Instructions to follow:
Below is a block of entries; repeat exactly the lines starting at the line that contains "Luftballons Freie Farbwahl" and ending at the line that contains "Read online The", both included.

Listed entries:
══════════

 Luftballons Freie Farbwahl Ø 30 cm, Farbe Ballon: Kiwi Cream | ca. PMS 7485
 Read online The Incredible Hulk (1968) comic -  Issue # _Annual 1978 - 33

══════════

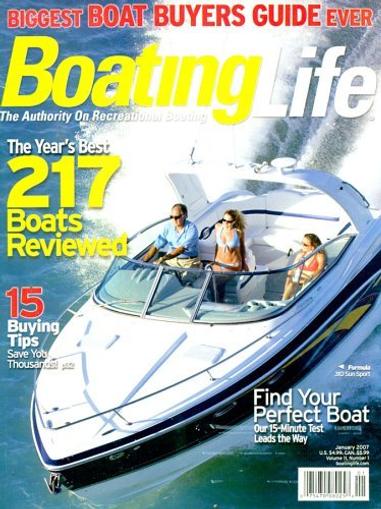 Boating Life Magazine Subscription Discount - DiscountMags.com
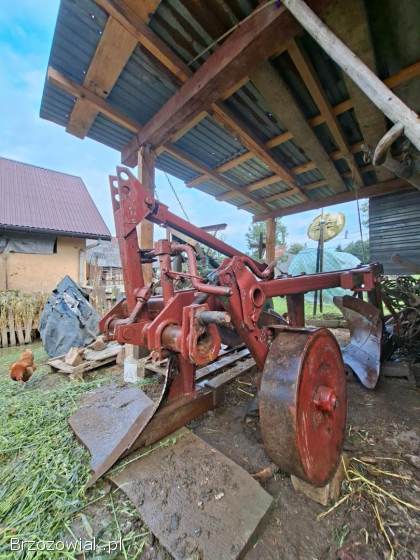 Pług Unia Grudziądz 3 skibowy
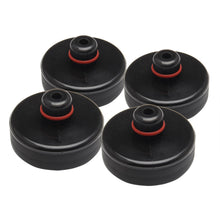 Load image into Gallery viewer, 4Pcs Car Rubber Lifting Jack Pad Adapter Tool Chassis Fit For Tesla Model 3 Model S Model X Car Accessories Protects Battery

══════════

Answer to this problem:
 Luftballons Freie Farbwahl Ø 30 cm, Farbe Ballon: Kiwi Cream | ca. PMS 7485
 Read online The Incredible Hulk (1968) comic -  Issue # _Annual 1978 - 33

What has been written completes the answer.